There are three ways in particular in which this startling new day should jolt us into a different way of being and living.
First, the whole point of Easter is that God the creator has dealt with everything that messes up his wonderful world, and has set in motion his plan to sort it all out, to put it all right, to remake it so that it is filled with his glory and beauty. And we who hear the news of this, even though it doesn’t make much sense to the world around, are called to be the advance runners for this project. From one point of view this means working for justice – to put things right, to remind our rulers and authorities that that’s their job and to hold them to account on it, to be alert for the places where injustice is done and speak up about it, whether it’s a rural community losing its post office, an asylum seeker being bullied by the Home Office, a company forcing people into redundancy to fund big payments to top executives, or whatever. From another point of view it means working for beauty, to restore beauty to our towns and our countryside, to enhance the beauty of nature and to reflect it in fresh works of art, music, dance, poetry, whatever. From another point of view it means working to heal and renew our wonderful planet, making it fruitful and abundant and preventing it being poisoned. Easter is about God’s new creation and we are called, surprising though it may seem, to be agents of that new creation here and now.

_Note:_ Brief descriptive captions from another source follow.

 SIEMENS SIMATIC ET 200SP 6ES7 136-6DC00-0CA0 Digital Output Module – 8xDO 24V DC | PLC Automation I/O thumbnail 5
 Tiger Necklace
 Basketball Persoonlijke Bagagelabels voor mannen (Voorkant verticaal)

Second, to be agents of new creation we must ourselves become, and live as, people of new creation. And that means holiness, which means rediscovering what a full and genuine human life was always meant to be like. Our world has lived on so many lies and half-truths about what it means to be human, whether it’s the celeb culture, the drug culture, the idolisation of sport, the obsession with sex, or just the slow deterioration of human relationships and community. The challenge to personal holiness always comes as a shock, like someone waking you up at midnight and insisting that you’ve got to come running to see the new dawn. We are called to be Easter people, resurrection people, leaving behind in the grave all that spoils and downgrades our human calling.
Third, to be people of new creation, people of justice and beauty, we must be people of worship. We have heard the great story which carries us forwards as God’s people, the story of God’s mighty acts from creation to new creation. That story is the heart of our worship, and as we find ourselves caught up in it again we turn it into prayer and praise and eucharist. Christian worship, and the carefully structured liturgy which makes sure we are really paying attention to the whole counsel of God, shapes us as communities, and shapes our personal characters, so that we really are worshipping the living God made known in the resurrection of his Son, and so that our habits of life, communal and personal, may bit by bit be brought into line with the new day that has dawned.

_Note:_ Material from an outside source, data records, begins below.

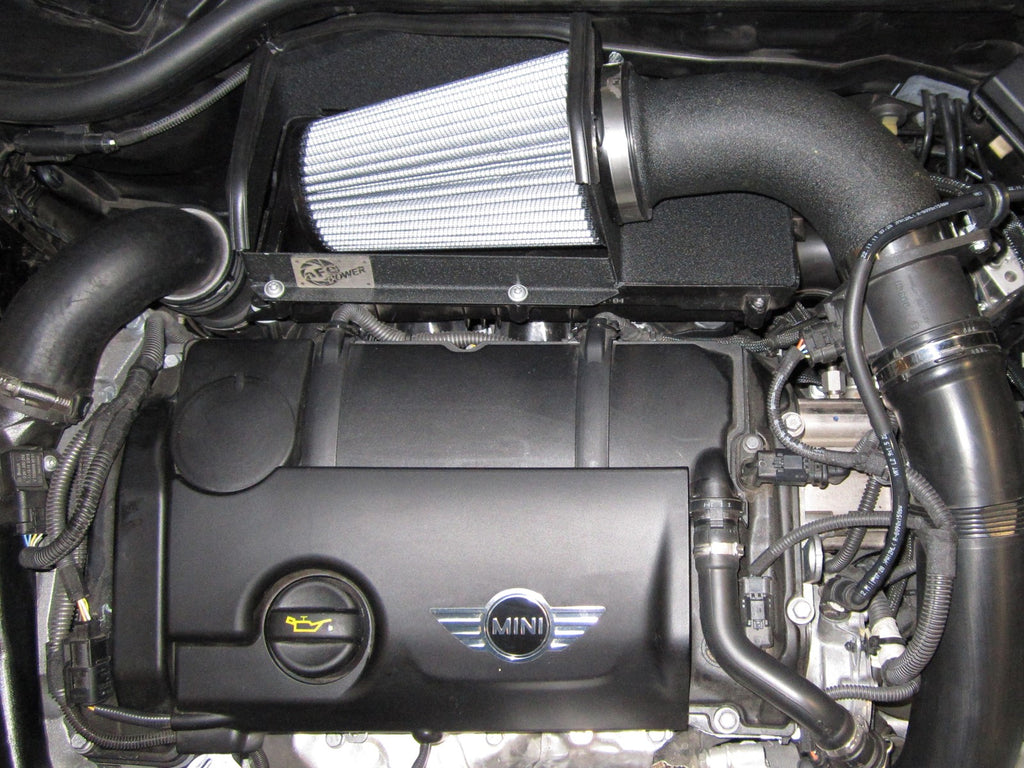 aFe MagnumFORCE Intake Stage-2 Pro DRY S 11-13 Mini Cooper S L4-1.6L (Turbo) aFe AFE51-12452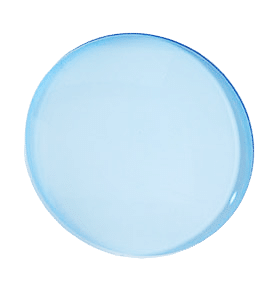 10% Tinted Blue Sun Lens 100 %UV Protcetion  Price For One Pair Lenses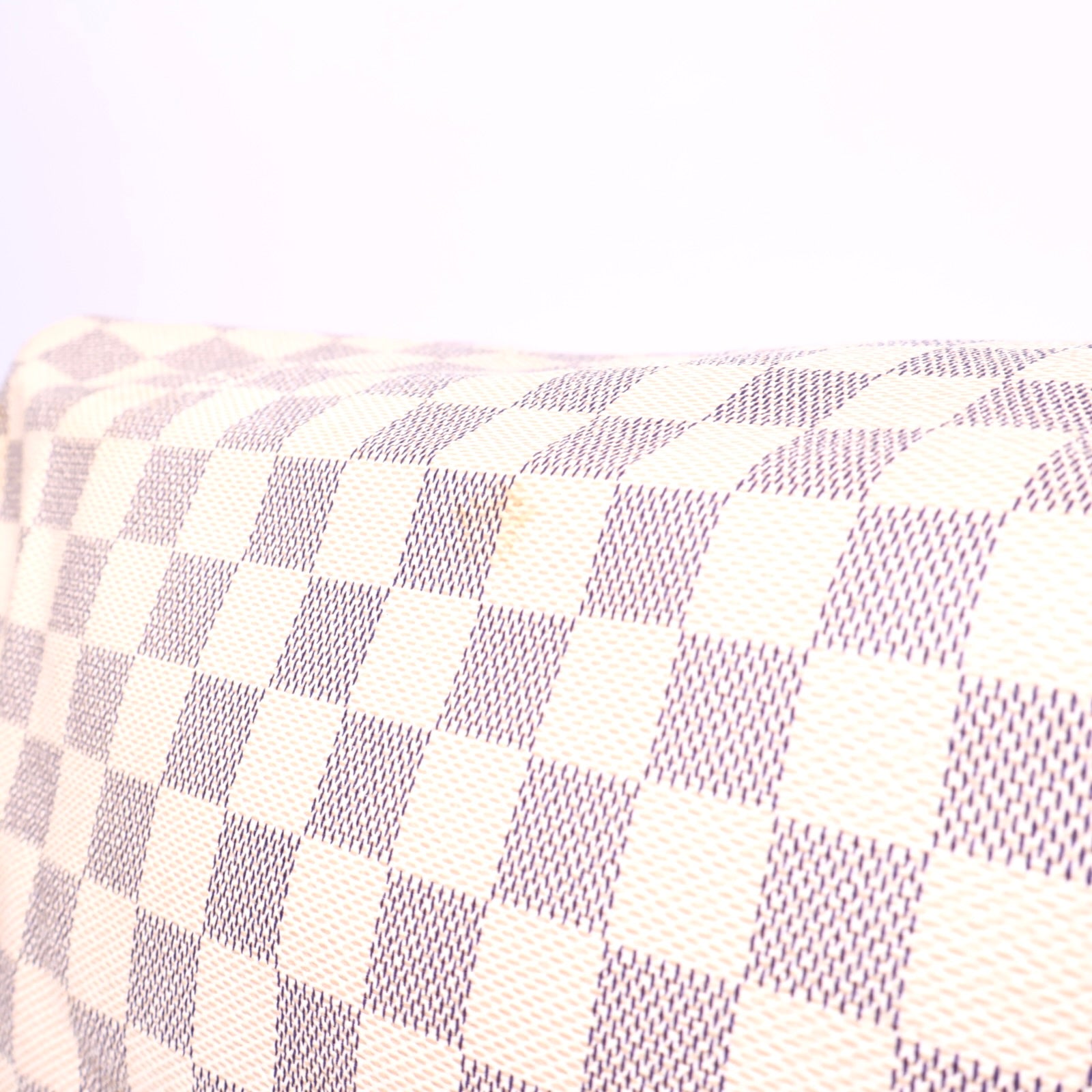 J3701 Louis Vuitton Damier Azur Canvas Speedy 30 Bag- Pre Owned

So there’s plenty to do, plenty of running to and fro in the excitement of the Easter morning. But at the heart of it all there is the still centre, the moment of wonder and awe, the moment when Peter and John come into the tomb and discover not only that the body of Jesus has disappeared but that the grave-cloths have been carefully put aside, indicating that the body has not merely been resuscitated but transformed. It is that transforming power of the new day that we invoke tonight, this most holy night, as we seek in love and gratitude to become truly Easter people, the people of the daytime for a world still in darkness, the people of Jesus for the world he loved so much that he gave his life. Let us then celebrate God’s victory over death itself, and commit ourselves once more to follow him into the new day.